● Exercise material
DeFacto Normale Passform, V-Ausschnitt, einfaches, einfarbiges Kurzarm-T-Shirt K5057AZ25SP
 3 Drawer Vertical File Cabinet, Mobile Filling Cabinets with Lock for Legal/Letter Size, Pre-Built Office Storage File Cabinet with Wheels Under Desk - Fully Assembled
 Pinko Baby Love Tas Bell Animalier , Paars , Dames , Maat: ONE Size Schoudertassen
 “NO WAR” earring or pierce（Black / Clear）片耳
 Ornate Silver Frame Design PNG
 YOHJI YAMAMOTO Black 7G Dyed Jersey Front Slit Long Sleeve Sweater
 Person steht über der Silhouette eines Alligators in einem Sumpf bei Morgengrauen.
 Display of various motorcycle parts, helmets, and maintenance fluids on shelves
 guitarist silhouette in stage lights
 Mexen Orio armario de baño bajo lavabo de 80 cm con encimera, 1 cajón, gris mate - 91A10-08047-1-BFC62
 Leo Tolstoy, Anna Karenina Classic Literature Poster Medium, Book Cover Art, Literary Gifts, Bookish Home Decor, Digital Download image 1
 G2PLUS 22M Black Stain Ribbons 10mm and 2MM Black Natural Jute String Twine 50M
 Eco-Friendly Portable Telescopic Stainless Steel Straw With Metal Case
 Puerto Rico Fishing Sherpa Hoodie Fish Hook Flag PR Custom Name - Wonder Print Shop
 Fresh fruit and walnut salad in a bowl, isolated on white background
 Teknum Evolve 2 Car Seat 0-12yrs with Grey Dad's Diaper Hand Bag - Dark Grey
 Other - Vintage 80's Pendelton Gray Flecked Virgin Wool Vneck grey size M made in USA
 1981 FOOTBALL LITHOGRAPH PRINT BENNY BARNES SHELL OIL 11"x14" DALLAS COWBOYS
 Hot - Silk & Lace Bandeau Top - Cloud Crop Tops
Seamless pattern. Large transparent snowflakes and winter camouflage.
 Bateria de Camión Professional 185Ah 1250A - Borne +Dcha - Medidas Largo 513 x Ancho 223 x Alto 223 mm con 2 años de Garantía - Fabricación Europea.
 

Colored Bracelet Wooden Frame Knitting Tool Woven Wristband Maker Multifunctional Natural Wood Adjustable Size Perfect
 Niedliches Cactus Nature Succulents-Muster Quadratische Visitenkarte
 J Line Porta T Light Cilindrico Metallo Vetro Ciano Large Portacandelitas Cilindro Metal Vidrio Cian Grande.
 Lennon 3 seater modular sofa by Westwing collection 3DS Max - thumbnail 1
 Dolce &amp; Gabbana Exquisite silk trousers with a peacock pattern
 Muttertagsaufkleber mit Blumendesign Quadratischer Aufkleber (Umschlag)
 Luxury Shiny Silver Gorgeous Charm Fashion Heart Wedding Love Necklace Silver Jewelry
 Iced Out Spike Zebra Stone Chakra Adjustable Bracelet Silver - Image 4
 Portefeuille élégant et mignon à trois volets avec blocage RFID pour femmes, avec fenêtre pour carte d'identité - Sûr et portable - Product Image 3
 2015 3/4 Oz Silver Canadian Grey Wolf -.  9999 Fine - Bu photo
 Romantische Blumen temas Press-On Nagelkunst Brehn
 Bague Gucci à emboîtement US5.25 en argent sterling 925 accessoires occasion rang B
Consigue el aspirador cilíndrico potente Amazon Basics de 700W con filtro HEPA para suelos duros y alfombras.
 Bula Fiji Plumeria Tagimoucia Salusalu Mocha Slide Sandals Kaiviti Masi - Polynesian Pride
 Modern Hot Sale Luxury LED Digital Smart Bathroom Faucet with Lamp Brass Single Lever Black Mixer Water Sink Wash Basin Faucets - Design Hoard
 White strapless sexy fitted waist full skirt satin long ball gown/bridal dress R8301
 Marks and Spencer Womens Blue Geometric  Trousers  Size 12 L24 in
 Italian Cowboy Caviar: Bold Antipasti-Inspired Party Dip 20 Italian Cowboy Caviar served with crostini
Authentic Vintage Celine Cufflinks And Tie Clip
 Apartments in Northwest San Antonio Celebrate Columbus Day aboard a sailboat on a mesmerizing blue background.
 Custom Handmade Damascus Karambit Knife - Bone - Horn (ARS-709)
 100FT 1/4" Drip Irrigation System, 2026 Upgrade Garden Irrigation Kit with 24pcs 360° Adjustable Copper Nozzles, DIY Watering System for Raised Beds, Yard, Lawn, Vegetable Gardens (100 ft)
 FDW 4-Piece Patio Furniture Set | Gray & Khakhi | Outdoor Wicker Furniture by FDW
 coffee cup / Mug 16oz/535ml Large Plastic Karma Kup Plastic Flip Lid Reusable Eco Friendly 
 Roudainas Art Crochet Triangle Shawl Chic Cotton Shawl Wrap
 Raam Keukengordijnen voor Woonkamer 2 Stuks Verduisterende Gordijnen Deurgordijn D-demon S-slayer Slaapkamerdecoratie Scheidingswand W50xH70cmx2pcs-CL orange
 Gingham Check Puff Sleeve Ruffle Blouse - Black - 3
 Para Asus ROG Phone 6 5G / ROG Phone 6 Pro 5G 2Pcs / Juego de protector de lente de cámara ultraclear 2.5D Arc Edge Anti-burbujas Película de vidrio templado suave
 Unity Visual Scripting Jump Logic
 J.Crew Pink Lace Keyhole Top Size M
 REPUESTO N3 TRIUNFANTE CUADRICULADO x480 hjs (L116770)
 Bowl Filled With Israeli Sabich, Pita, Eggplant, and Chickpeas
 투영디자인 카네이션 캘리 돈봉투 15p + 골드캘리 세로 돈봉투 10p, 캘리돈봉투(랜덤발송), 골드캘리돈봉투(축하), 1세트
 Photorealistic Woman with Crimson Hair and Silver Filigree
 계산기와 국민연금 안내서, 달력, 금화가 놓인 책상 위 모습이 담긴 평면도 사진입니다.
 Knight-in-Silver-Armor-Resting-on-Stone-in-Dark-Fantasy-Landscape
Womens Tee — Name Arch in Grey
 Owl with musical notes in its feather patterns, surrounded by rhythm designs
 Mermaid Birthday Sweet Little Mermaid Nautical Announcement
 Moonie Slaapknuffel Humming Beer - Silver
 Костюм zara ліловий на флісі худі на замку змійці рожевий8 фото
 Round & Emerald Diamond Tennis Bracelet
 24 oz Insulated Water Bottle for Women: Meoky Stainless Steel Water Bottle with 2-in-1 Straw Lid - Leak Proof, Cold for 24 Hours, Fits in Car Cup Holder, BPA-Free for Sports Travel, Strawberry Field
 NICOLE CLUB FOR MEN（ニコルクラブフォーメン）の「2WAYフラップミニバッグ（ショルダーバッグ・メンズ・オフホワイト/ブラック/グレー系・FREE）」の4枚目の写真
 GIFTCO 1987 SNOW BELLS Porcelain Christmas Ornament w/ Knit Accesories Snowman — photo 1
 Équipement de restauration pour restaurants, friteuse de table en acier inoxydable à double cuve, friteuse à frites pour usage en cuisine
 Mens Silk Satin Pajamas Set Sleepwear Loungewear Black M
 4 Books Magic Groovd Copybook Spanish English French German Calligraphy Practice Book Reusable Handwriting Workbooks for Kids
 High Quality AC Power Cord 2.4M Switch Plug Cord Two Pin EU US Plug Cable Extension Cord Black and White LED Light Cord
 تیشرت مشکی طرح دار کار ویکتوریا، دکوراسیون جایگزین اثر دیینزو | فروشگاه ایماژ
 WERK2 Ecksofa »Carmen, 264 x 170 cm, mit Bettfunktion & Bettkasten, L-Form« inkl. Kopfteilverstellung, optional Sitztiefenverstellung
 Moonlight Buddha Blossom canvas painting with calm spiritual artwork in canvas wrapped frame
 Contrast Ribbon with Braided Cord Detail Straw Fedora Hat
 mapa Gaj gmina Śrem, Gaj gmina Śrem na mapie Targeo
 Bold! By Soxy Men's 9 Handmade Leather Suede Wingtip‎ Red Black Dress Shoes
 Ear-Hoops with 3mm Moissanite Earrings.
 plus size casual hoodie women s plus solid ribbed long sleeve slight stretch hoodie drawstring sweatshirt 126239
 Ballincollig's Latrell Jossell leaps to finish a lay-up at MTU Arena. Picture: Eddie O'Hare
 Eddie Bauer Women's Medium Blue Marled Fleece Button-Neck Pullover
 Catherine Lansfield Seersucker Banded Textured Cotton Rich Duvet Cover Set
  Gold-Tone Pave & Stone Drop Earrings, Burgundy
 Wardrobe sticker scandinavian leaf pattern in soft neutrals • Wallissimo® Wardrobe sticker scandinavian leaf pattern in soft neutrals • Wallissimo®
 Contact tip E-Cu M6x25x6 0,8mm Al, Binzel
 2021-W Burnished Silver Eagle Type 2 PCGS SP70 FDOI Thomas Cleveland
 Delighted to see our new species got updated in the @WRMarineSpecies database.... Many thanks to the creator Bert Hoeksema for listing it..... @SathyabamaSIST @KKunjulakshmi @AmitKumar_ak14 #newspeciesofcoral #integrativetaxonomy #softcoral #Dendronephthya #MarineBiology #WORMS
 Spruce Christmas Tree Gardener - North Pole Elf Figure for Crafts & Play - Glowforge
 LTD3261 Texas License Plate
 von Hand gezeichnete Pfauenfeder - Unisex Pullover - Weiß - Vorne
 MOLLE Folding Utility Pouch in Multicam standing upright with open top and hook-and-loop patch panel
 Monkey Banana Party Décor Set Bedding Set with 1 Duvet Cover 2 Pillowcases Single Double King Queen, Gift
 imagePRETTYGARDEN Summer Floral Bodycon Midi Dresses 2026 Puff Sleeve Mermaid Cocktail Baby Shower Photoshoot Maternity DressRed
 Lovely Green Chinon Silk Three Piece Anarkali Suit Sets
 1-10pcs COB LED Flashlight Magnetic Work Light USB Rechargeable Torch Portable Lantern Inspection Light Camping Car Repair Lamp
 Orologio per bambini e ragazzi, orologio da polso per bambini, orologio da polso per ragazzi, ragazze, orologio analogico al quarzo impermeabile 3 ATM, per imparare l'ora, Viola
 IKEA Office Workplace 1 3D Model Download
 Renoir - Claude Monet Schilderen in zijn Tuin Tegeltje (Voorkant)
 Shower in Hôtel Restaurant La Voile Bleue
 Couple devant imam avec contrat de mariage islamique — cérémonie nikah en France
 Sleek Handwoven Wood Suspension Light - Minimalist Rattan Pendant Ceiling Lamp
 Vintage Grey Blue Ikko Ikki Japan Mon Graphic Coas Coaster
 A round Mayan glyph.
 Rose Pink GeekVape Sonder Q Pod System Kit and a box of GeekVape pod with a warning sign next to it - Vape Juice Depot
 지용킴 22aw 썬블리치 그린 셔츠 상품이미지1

● Problem description
The expected response is the material above given again line by line, from its first line to the line holding "Puerto Rico Fishing", inclusive.

● Problem solution
DeFacto Normale Passform, V-Ausschnitt, einfaches, einfarbiges Kurzarm-T-Shirt K5057AZ25SP
 3 Drawer Vertical File Cabinet, Mobile Filling Cabinets with Lock for Legal/Letter Size, Pre-Built Office Storage File Cabinet with Wheels Under Desk - Fully Assembled
 Pinko Baby Love Tas Bell Animalier , Paars , Dames , Maat: ONE Size Schoudertassen
 “NO WAR” earring or pierce（Black / Clear）片耳
 Ornate Silver Frame Design PNG
 YOHJI YAMAMOTO Black 7G Dyed Jersey Front Slit Long Sleeve Sweater
 Person steht über der Silhouette eines Alligators in einem Sumpf bei Morgengrauen.
 Display of various motorcycle parts, helmets, and maintenance fluids on shelves
 guitarist silhouette in stage lights
 Mexen Orio armario de baño bajo lavabo de 80 cm con encimera, 1 cajón, gris mate - 91A10-08047-1-BFC62
 Leo Tolstoy, Anna Karenina Classic Literature Poster Medium, Book Cover Art, Literary Gifts, Bookish Home Decor, Digital Download image 1
 G2PLUS 22M Black Stain Ribbons 10mm and 2MM Black Natural Jute String Twine 50M
 Eco-Friendly Portable Telescopic Stainless Steel Straw With Metal Case
 Puerto Rico Fishing Sherpa Hoodie Fish Hook Flag PR Custom Name - Wonder Print Shop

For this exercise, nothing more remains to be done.